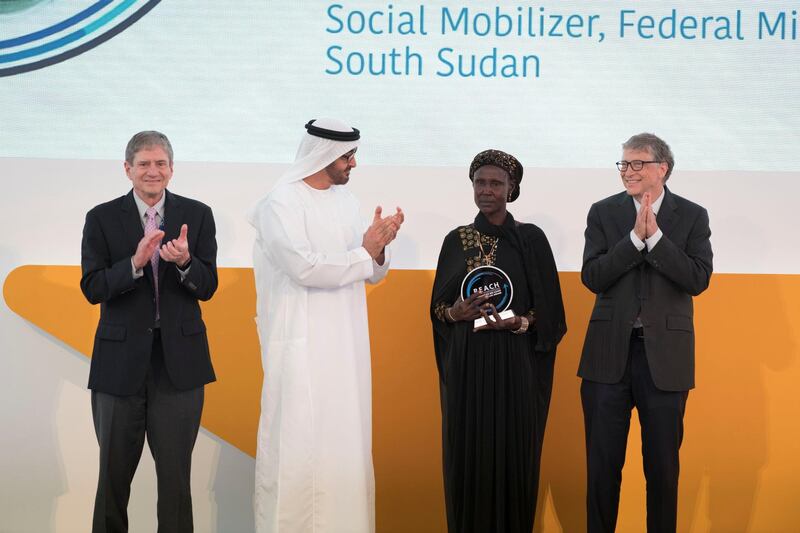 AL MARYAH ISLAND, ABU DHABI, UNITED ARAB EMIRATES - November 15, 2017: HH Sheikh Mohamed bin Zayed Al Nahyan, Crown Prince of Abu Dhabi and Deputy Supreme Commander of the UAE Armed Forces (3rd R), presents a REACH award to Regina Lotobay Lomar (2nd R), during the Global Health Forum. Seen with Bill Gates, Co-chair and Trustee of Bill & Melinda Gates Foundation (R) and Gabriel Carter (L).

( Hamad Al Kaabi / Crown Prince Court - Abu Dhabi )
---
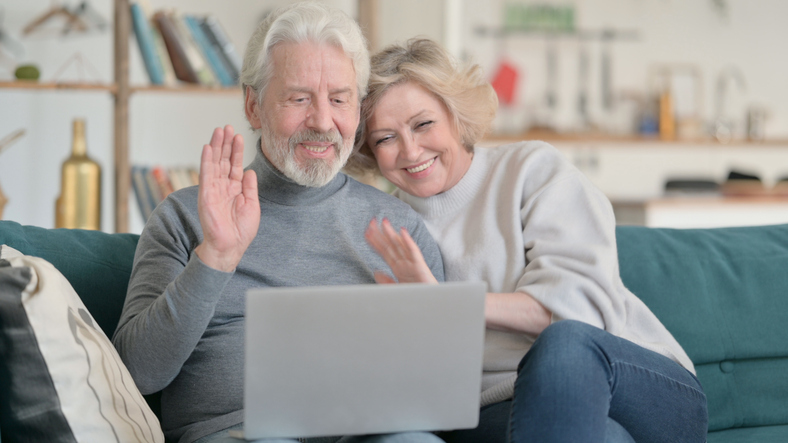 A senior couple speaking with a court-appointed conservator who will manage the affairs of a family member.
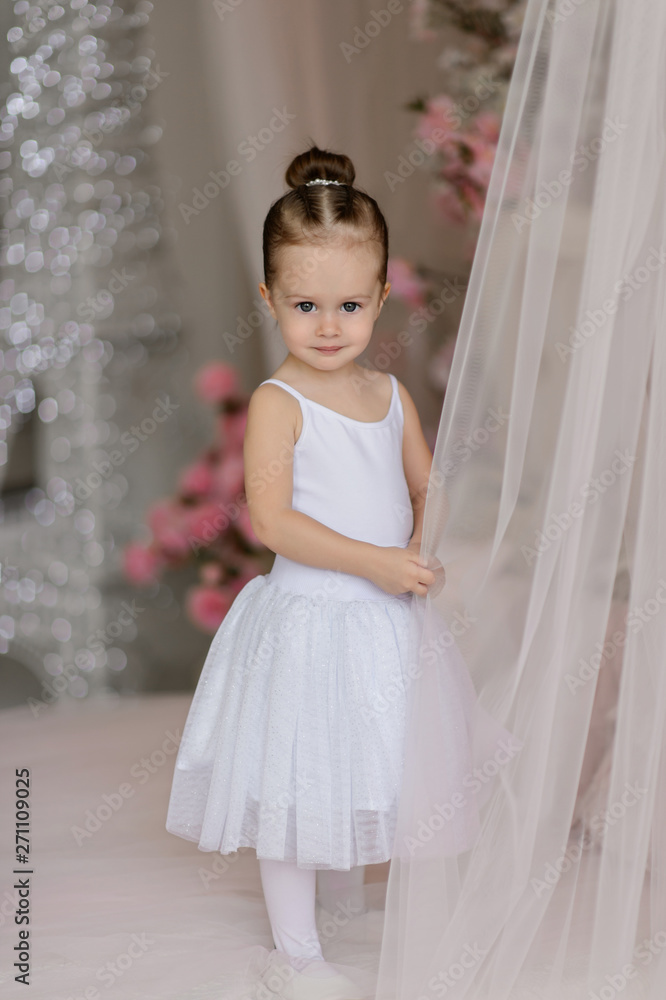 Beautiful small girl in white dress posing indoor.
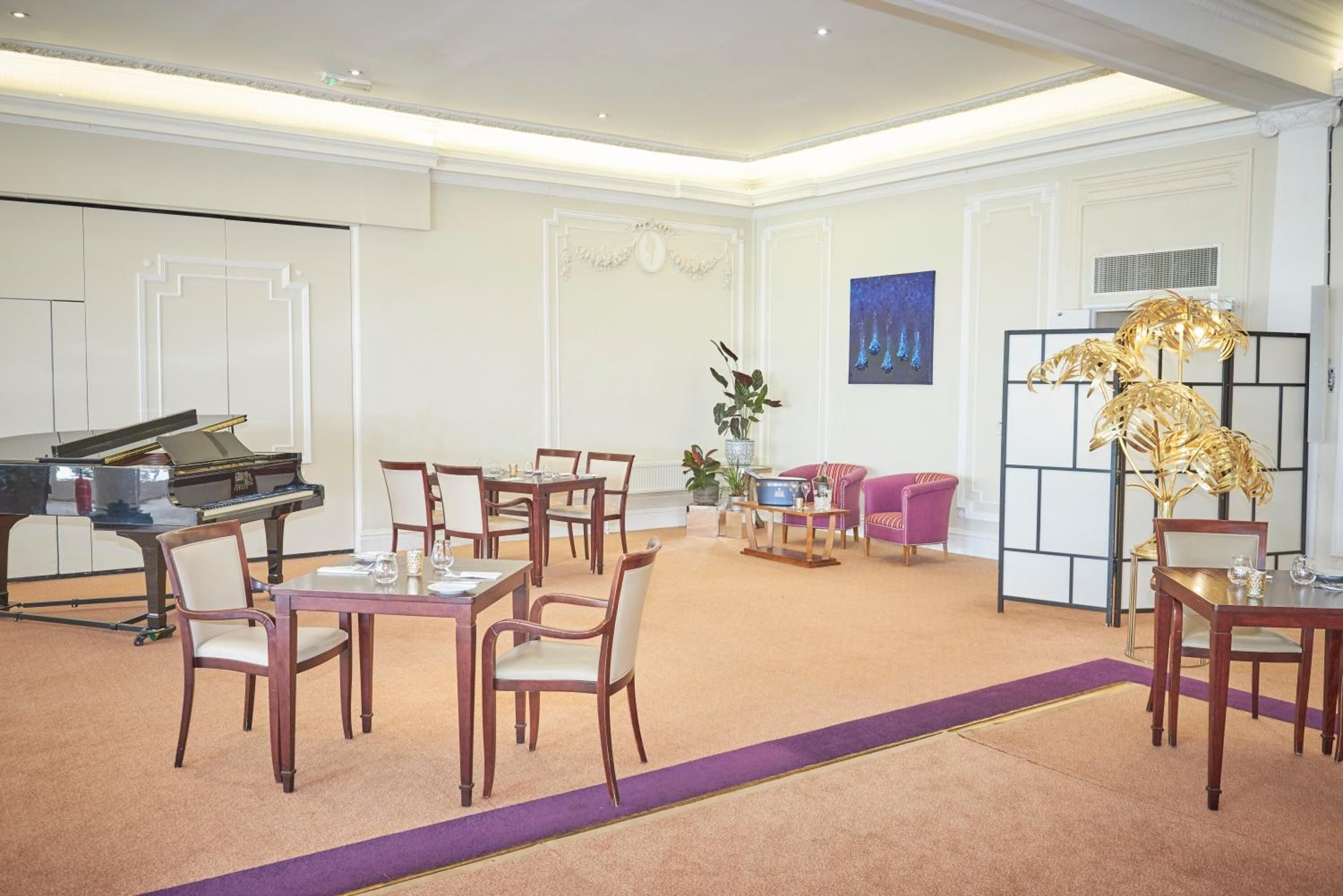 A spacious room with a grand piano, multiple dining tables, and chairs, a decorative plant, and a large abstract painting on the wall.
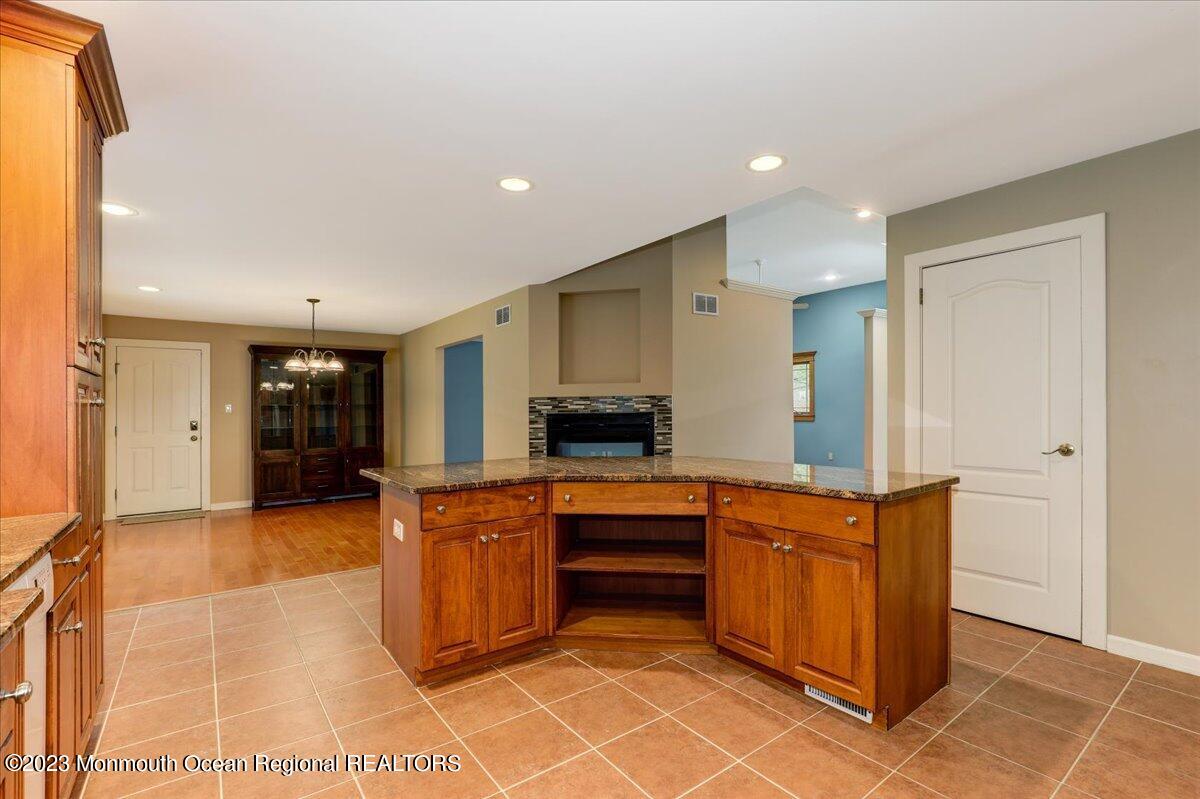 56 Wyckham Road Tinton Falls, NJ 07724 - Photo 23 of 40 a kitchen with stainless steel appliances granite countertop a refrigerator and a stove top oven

* * *

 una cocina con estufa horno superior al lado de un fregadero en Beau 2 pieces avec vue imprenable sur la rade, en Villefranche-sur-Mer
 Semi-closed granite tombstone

...

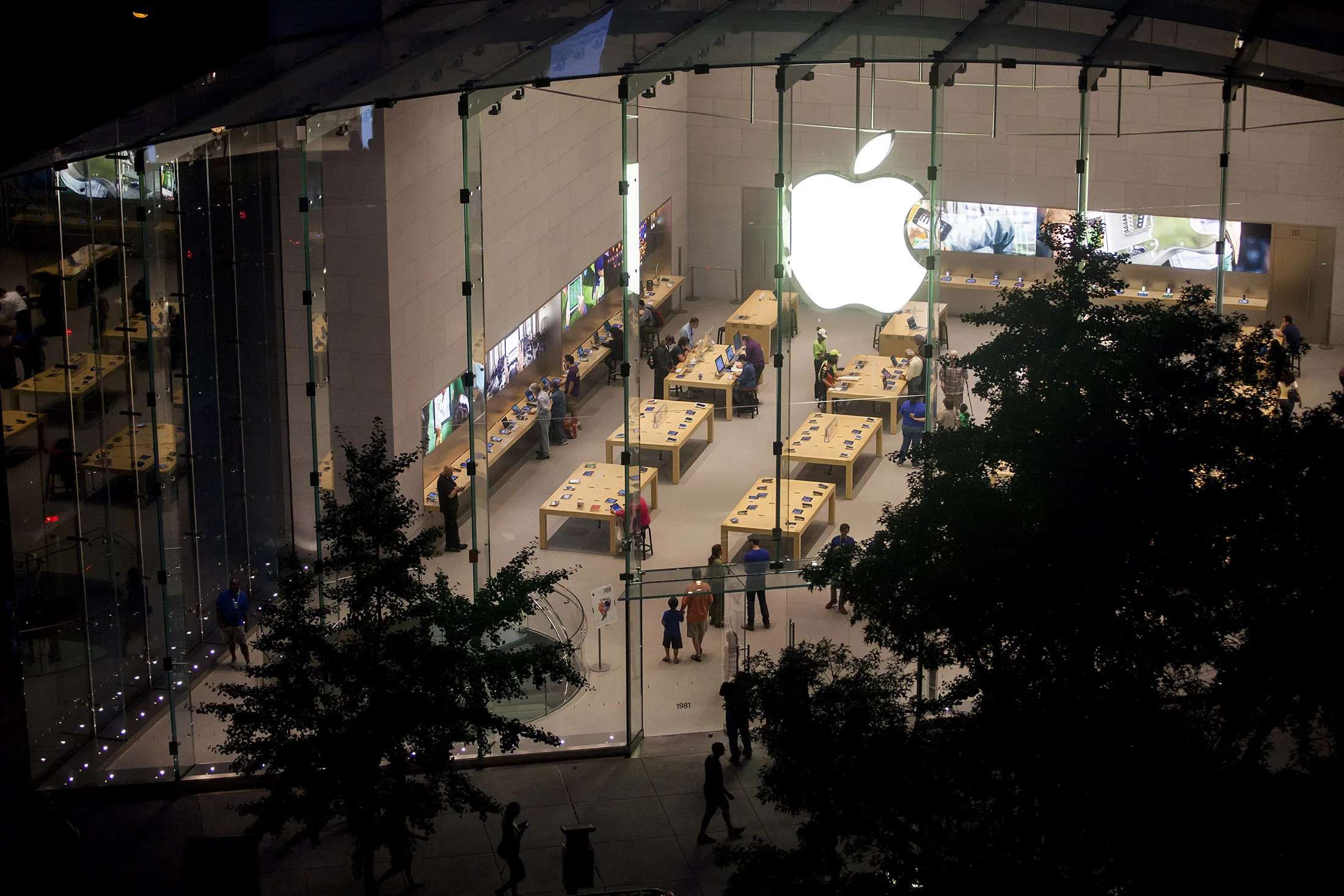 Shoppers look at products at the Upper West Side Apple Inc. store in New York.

→ ASSIGNMENT:
Output exactly the lines of the listing above that start with the one holding "Beautiful small girl" and go on through the one holding "56 Wyckham Road"; leave the pictures out.

→ RESPONSE:
 Beautiful small girl in white dress posing indoor.
 A spacious room with a grand piano, multiple dining tables, and chairs, a decorative plant, and a large abstract painting on the wall.
 56 Wyckham Road Tinton Falls, NJ 07724 - Photo 23 of 40 a kitchen with stainless steel appliances granite countertop a refrigerator and a stove top oven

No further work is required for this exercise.